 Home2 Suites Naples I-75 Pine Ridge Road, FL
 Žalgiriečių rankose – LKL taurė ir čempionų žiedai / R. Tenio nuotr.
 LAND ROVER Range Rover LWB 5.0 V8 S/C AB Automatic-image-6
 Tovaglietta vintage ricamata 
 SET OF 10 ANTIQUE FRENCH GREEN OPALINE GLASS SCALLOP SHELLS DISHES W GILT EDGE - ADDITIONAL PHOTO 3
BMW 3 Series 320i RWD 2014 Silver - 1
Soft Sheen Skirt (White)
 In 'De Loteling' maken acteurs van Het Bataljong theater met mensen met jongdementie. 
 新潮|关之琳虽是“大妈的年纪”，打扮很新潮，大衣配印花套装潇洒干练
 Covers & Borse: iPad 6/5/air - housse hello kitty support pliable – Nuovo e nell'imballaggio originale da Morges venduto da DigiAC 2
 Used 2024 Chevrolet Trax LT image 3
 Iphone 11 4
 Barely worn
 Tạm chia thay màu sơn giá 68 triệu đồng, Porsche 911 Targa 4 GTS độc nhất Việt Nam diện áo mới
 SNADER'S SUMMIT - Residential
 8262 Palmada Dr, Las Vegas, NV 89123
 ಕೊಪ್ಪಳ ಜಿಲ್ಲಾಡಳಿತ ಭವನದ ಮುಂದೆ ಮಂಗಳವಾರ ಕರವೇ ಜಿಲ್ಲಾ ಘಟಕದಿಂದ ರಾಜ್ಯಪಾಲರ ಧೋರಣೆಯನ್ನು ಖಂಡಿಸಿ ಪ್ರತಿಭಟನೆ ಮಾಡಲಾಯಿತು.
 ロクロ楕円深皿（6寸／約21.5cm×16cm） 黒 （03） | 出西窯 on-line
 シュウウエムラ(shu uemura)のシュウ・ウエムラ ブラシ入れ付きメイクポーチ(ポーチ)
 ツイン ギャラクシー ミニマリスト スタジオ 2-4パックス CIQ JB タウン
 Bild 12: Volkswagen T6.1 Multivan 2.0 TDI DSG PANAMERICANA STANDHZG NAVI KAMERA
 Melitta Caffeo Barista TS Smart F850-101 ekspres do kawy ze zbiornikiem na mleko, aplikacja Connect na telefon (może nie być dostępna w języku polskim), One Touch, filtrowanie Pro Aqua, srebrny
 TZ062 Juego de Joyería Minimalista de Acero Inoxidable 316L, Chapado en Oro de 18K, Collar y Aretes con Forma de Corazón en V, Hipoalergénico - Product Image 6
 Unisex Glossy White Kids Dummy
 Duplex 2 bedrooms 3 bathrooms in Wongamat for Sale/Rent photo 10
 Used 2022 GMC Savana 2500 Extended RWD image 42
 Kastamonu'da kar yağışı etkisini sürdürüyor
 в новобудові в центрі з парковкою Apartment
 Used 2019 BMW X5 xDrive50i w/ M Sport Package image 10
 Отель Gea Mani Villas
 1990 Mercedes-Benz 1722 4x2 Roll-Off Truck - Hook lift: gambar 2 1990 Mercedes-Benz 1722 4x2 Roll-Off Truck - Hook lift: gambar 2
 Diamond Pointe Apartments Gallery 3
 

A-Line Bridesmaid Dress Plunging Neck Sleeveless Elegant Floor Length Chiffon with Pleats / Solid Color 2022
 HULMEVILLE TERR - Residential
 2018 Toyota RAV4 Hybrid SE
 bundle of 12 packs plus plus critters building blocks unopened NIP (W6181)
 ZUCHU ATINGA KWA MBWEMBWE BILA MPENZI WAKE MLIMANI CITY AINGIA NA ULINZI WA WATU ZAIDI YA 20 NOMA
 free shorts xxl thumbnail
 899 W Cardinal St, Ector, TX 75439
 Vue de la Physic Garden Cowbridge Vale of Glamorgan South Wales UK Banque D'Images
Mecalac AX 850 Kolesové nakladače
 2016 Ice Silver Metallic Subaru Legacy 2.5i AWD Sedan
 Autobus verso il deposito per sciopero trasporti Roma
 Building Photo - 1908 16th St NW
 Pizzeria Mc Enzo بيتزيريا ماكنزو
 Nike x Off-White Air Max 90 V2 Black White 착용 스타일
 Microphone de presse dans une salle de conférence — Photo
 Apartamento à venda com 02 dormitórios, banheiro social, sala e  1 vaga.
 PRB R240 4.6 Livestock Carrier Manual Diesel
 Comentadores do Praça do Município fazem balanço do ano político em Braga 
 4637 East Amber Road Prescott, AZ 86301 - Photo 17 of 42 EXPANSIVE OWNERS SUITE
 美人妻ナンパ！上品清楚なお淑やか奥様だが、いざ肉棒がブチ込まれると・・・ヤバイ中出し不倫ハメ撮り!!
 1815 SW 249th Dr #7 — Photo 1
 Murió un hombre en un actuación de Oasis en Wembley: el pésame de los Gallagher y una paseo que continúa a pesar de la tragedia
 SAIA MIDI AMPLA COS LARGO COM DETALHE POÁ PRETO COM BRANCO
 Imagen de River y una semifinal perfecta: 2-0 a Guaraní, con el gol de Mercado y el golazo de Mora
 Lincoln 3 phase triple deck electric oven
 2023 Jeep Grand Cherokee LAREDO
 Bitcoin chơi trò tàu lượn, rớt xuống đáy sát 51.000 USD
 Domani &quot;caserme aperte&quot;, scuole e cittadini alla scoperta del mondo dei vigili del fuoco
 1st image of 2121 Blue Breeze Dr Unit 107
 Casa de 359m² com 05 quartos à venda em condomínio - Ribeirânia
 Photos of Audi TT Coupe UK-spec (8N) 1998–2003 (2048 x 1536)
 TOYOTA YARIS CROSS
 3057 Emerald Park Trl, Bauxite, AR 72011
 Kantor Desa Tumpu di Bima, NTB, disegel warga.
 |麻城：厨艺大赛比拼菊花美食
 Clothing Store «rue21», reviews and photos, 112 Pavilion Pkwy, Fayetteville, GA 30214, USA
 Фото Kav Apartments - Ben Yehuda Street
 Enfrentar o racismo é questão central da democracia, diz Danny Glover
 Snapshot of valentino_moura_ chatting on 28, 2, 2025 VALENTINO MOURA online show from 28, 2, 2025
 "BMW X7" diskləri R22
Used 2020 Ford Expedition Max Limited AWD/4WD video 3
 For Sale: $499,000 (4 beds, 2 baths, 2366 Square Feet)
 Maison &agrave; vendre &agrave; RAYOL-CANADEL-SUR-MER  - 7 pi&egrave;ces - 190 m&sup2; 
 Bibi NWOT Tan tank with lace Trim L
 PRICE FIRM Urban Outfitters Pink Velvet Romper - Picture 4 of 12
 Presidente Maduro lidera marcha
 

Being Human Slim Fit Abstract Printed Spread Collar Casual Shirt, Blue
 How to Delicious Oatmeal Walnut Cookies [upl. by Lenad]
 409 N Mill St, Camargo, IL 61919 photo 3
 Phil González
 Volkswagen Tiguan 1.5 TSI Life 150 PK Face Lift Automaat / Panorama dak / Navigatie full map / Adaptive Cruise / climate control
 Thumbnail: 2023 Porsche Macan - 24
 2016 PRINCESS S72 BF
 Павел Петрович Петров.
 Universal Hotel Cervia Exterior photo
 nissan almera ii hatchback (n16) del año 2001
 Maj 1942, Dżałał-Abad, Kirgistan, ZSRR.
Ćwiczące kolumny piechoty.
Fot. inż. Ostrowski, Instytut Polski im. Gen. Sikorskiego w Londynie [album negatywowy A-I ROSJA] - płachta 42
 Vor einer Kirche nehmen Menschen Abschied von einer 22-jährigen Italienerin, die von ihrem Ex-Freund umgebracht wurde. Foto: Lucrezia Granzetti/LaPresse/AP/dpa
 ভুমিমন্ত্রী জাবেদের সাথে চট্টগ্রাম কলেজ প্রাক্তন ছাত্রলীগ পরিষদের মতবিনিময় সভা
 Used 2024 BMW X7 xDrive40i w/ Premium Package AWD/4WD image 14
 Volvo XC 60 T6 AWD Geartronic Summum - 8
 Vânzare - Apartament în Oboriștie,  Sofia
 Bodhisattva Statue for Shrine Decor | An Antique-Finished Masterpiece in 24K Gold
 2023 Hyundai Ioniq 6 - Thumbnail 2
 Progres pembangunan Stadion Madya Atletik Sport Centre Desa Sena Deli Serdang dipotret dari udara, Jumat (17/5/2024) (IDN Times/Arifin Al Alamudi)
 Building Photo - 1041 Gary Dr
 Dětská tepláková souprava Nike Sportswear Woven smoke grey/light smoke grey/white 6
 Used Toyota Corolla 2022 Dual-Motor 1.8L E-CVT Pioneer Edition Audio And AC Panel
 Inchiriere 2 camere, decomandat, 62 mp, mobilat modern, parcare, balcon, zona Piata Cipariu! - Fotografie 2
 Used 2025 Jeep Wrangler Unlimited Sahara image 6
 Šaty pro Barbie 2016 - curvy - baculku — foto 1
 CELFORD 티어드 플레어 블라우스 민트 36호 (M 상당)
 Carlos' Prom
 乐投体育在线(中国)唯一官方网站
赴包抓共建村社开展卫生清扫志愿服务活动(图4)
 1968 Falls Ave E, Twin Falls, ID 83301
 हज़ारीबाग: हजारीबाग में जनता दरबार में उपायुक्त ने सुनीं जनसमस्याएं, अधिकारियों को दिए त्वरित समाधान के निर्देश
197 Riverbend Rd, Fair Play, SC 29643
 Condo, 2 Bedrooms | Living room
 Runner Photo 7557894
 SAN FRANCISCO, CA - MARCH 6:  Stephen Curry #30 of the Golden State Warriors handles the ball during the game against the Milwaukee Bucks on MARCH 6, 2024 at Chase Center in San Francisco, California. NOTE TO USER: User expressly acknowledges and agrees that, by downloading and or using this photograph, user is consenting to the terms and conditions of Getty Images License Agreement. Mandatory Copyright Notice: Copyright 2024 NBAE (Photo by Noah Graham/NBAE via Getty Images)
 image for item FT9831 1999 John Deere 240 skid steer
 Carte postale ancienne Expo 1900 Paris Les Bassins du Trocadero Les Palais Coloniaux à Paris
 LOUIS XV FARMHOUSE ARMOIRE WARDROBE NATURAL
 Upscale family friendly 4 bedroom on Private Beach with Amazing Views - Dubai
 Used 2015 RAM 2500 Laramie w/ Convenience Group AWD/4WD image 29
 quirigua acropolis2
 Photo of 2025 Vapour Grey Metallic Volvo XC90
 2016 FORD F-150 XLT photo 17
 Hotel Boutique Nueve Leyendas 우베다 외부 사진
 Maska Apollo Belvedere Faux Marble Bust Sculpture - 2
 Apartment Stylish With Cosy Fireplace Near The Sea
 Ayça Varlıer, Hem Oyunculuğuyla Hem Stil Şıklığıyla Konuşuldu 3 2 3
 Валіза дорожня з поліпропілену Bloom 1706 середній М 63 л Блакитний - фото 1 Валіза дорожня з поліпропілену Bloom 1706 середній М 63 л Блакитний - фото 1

Instructions to follow
I'd like the lines above from the one with "nissan almera ii" up to and including the one with "Used 2025 Jeep" copied exactly, with no other lines.

Task solution
 nissan almera ii hatchback (n16) del año 2001
 Maj 1942, Dżałał-Abad, Kirgistan, ZSRR.
Ćwiczące kolumny piechoty.
Fot. inż. Ostrowski, Instytut Polski im. Gen. Sikorskiego w Londynie [album negatywowy A-I ROSJA] - płachta 42
 Vor einer Kirche nehmen Menschen Abschied von einer 22-jährigen Italienerin, die von ihrem Ex-Freund umgebracht wurde. Foto: Lucrezia Granzetti/LaPresse/AP/dpa
 ভুমিমন্ত্রী জাবেদের সাথে চট্টগ্রাম কলেজ প্রাক্তন ছাত্রলীগ পরিষদের মতবিনিময় সভা
 Used 2024 BMW X7 xDrive40i w/ Premium Package AWD/4WD image 14
 Volvo XC 60 T6 AWD Geartronic Summum - 8
 Vânzare - Apartament în Oboriștie,  Sofia
 Bodhisattva Statue for Shrine Decor | An Antique-Finished Masterpiece in 24K Gold
 2023 Hyundai Ioniq 6 - Thumbnail 2
 Progres pembangunan Stadion Madya Atletik Sport Centre Desa Sena Deli Serdang dipotret dari udara, Jumat (17/5/2024) (IDN Times/Arifin Al Alamudi)
 Building Photo - 1041 Gary Dr
 Dětská tepláková souprava Nike Sportswear Woven smoke grey/light smoke grey/white 6
 Used Toyota Corolla 2022 Dual-Motor 1.8L E-CVT Pioneer Edition Audio And AC Panel
 Inchiriere 2 camere, decomandat, 62 mp, mobilat modern, parcare, balcon, zona Piata Cipariu! - Fotografie 2
 Used 2025 Jeep Wrangler Unlimited Sahara image 6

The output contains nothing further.